Locating Manufacturing Facilities
•There are two basic strategies for locating manufacturing facilities:
concentrating them in the optimal location and serving the world
market from there, and decentralizing them in various regional or
national locations that are close to major markets.

•Concentration of manufacturing makes most sense
when:
–Differences between countries in factor costs, political
economy, and culture have a substantial impact on the
costs of manufacturing in various countries.
–Trade barriers are low.
–Important exchange rates are expected to remain
relatively stable.
–The production technology has high fixed costs and a
high minimum efficient scale, or a flexible
manufacturing technology exists.
–The product’s value-to-weight ratio is high.
–The product serves universal needs.

•Alternatively, decentralization of manufacturing is
appropriate when:
–Differences between countries in factor costs, political
economy, and culture do not have a substantial impact on
the costs of manufacturing in various countries.
–Trade barriers are high.
–Volatility in important exchange rates is expected.
–The production technology has low fixed costs and low minimum
efficient scale, and flexible manufacturing technology is not
available.
–The product’s value-to-weight ratio is low.
–The product does not serve universal needs (that is, significant
differences in consumer tastes and preferences exist between
nations).

Make-or-Buy Decisions
•International businesses frequently face sourcing decisions,
decisions about whether they should make or buy the
component parts that go into their final product.
•Should the firm vertically integrate into the manufacture of
its own component parts, or should it outsource them—buy
them from independent suppliers?
•Make-or-buy decisions are important factors of many firms’
manufacturing strategies.
•The typical car contains more than 10,000 components, so
automobile firms constantly face make-or-buy decisions.
•Ford of Europe, for example, produces only about 45
percent of the value of the Fiesta in its own plants.

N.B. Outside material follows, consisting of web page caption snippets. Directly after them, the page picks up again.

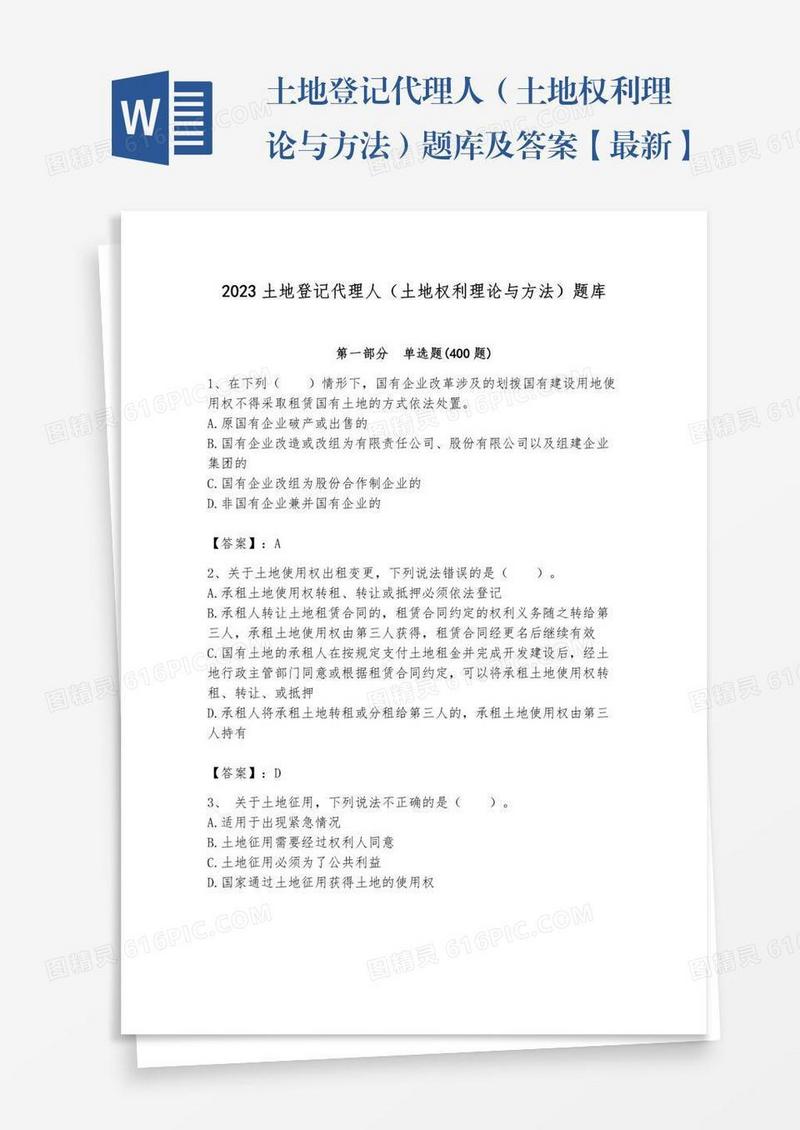 土地登记代理人（土地权利理论与方法）题库及答案【最新】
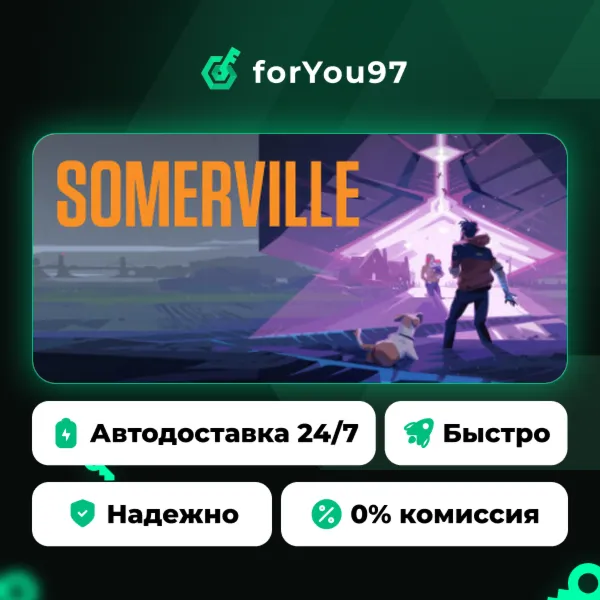 Somerville · Steam Gift · АВТОДОСТАВКА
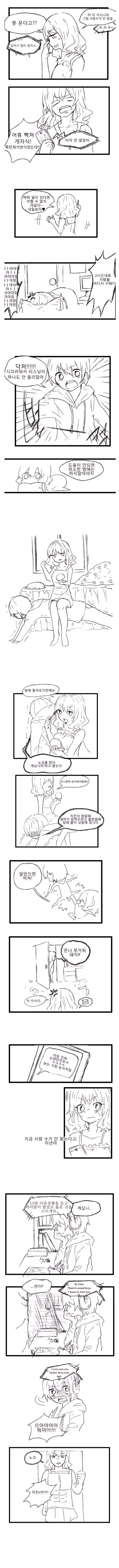 manga_916743_001.webp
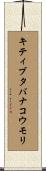 キティブタバナコウモリ Scroll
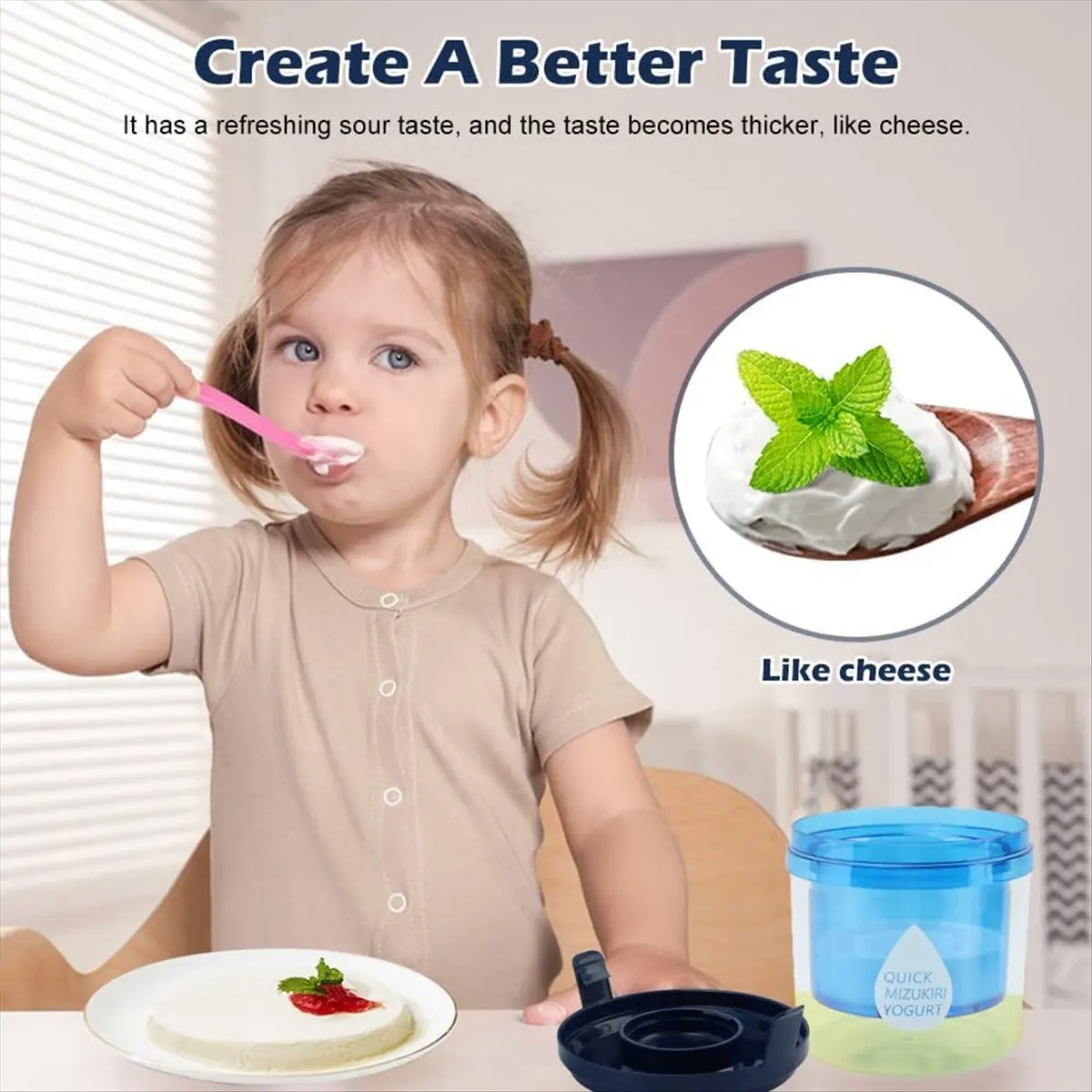 2026 NEW Greek Yogurt Strainer with Lid, Reusable Yogurt Filter with Ultra Fine Mesh Yogurt Strainer to Yogurt Cheese, Soy Milk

•The remaining 55 percent, mainly accounted for by
component parts, comes from independent suppliers.
•In the athletic shoe industry the make-or-buy issue has been
taken to an extreme.
•Companies such as Nike and Reebok have no involvement
in manufacturing; all production has been outsourced,
primarily to manufacturers based in low-wage countries.
The Advantages of Make
LOWER COSTS It may pay a firm to manufacture a product
or component part in-house, as opposed to outsourcing it to
an independent manufacturer, if the firm is more efficient at
that production activity than any other enterprise.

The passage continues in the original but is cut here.